Housing concerns raised over De Anza Event Center, bond measure projects discussed3 min read

Annalise Freimarck, News Editor

The Foothill-De Anza Board of Trustees addressed concerns over the future of the Flint Center, now being called the De Anza Event Center, following controversy over student housing.

The board is currently looking into possible design plans for the De Anza Event Center, focusing on what amenities, such as a stage, would be the most dynamic in the renovated space.

The board said they are planning for an event center to be rebuilt within the footprint of the Flint Center, but it does not mean that they are not considering the possibilities of affordable student housing.

“The De Anza Event Center has no impact on our focus for student housing,” said board member Patrick Ahrens.

The board is looking into other options for affordable student housing, such as working with Catholic charities, which Foothill College is currently doing, or working with programs that aid students facing housing insecurity in the transitional period where they are no longer eligible for affordable housing provided by the district.

These programs already exist at other community colleges in California, such as Compton Community College and Imperial Valley College.

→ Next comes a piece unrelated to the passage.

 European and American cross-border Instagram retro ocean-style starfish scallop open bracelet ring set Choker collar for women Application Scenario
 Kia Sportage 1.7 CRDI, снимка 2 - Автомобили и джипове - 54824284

“We want to get the most out of the dollars available,” said Chancellor Judy Miner. “There are so many more opportunities we’re considering for student housing.”

The district aims to get information on these possible services on campus, so students who seek these resources can access them and use them to their advantage.

The board also clarified that they want the housing resources to be available to students as soon as possible.

The board said using the Flint Center as a housing facility would be much slower than using other resources because of the time it takes to build and other hindrances that come with building student housing on campus.

“There are a lot of impediments that come with having student housing on campus,” Trustee Laura Casas said.

Ahrens agreed that getting student housing in a fast manner should be a priority for the board.

“We want to address the housing crisis as quickly as possible for those interested in getting into a home,” he said.

Measure C annual report

The Citzen’s Bond Oversight Committee presented its annual report on measure C, a bond that gave the district an estimated $503 million to help make campuses more accessible to those with disabilities, renovate older buildings and upgrade facilities and their technology.

Measure C passed on the 2006 March ballot, and the district has consistently been using the money to improve De Anza and Foothill.

As of December 2019, the district has around $23 million out of the original $503 million. Out of that $503 million, De Anza used $209.5 million, Foothill gained $198.1 million and the district received $96.1 million.

De Anza completed installing a new planetarium roof, campus drive and campus exterior lighting within this fiscal year as of June 30, 2019. Other completed projects include the renovation of the library and the campuses stadium and track facilities.

“This really is a labor of love,” said Ahrens.